Kate and Conrad’s foray into grazing and reflection with Mike and Bridget


While AMN-3 clearly had other impacts on me, the conference had major benefits in terms of advancing one particular area of my research. I was extraordinarily fortunate to have in the audience during the talk I was giving focused on the work of Conrad Lendrum, one of my past PhD students, Michael Toney. Mike hails from SSRL (Stanford Synchrotron Radiation Laboratory), which is part of SLAC (Stanford Linear Accelerator Center, which is part of Stanford University, Palo Alto), California, USA (http://www-ssrl.slac.stanford.edu/), and is an expert in synchrotronbased X-ray techniques.

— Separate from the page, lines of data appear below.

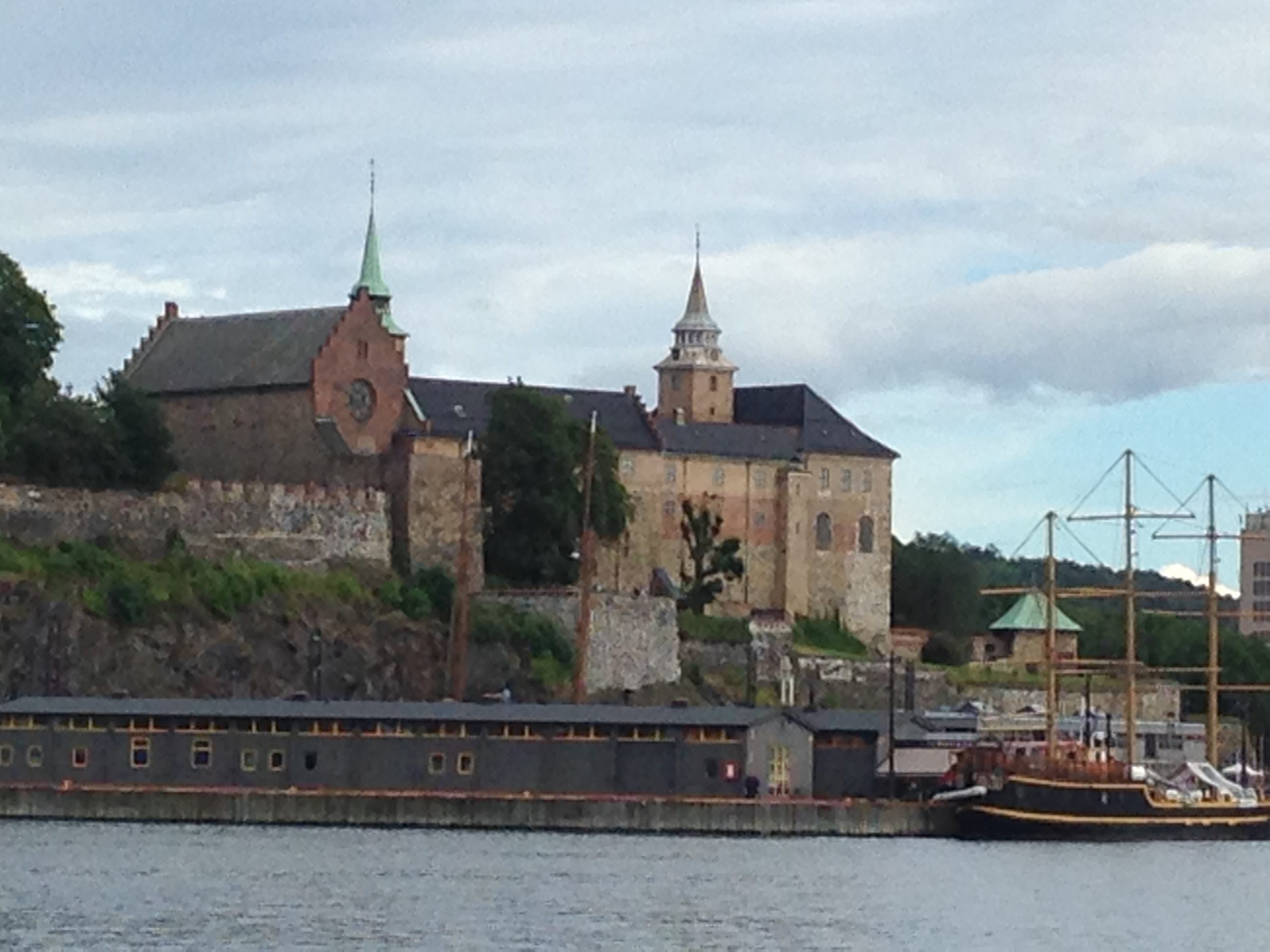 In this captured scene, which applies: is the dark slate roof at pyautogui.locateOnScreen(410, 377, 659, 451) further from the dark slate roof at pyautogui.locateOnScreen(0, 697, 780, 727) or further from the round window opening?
the dark slate roof at pyautogui.locateOnScreen(0, 697, 780, 727)

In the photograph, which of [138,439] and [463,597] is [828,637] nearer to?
[463,597]

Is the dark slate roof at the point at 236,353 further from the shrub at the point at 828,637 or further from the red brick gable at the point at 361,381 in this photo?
the shrub at the point at 828,637

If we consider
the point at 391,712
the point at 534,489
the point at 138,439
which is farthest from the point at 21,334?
the point at 391,712

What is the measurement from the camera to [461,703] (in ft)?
380

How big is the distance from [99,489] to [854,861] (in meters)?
39.1

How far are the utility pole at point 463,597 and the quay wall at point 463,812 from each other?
704 inches

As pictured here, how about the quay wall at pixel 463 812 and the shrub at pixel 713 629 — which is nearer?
the quay wall at pixel 463 812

Conrad’s PhD programme is focused on understanding the interactions between a soft nucleating substrate (a model cellular membrane) and a growing crystal in order to understand the role of cellular membranes in controlling biomineral formation in organisms. His work involves looking at a single layer of molecules on a water surface (a so-called monolayer) and characterising both the monolayer itself under different environmental conditions, how the monolayer responds during the inducement of crystal nucleation on its water side and how the nucleation of the crystals is modifi ed by altering the characteristics of the monolayer (in part, what is the feedback mechanism between the two?).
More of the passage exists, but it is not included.